本当にタクシーだ。でなければ、国会議員の先生を送迎する秘書。
あまりに自然にされた行為に一気に現実に引き戻され、
一瞬で頭も胸も冷えていた。
 
それでもこれが自分に対する正直な距離感なのだろう。
美貴は一人ではしゃいでいたのが馬鹿みたいだと、打ちのめされた気分になった。
尻尾を振ってじゃれ寄って、突き飛ばされた犬のようにみじめだった。
美貴は無意識に肩を落として息を吐き、助手席のドアを勝手に開ける。
憤然として助手席に乗った美貴を不思議そうに眺めたあと、
甲斐も運転席に乗り込んだ。

「ヨシキさんの家まででいいですか? その前に寄りたい所とかあれば行きますけれど」
「いいよ、大丈夫だから。

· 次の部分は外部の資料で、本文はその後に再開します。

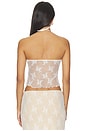 view 3 of 4 Karolina Top in White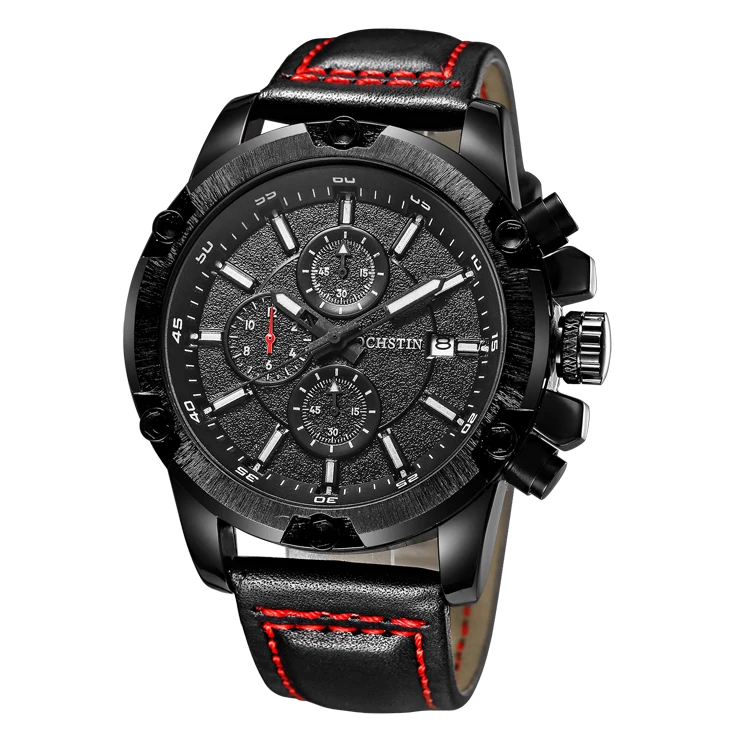 

OCHSTIN GQ075B Military Watch Men Top Brand Luxury Famous Sport Watch Male Clock Quartz Wrist Watch Relogio Masculino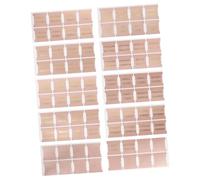 CLISPEED Pink Leather Bible Index Tabs for Women Practical and Easy Referencing Bible Labels Set and Organising Scripture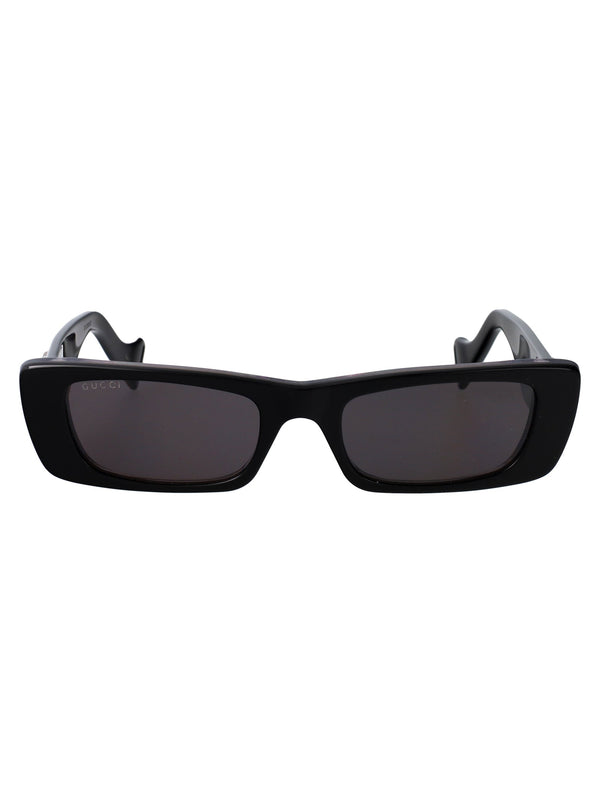 Sunglasses Gg0516s Black-Grey Acetate Black/black/grey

家までで」
甲斐に優しく聞かれても、美貴は邪険に答えたきり、侘しく口を閉ざしていた。
一歩でも近づけたなどと歓喜したのは思い上がりだったのか。
それとも勝手な期待だったのか。
だが、突き放されてこんなに傷つく理由は何なのか。

美貴はその理由という名の塊に触れかけて、
火傷しそうな熱と痛みにはっとして手を引く自分を意識の隅で感じていた。
けれど、そんな自分も甲斐の姿もいっそ全部締め出したくなり、
車窓の外を無理やり眺め続けていた。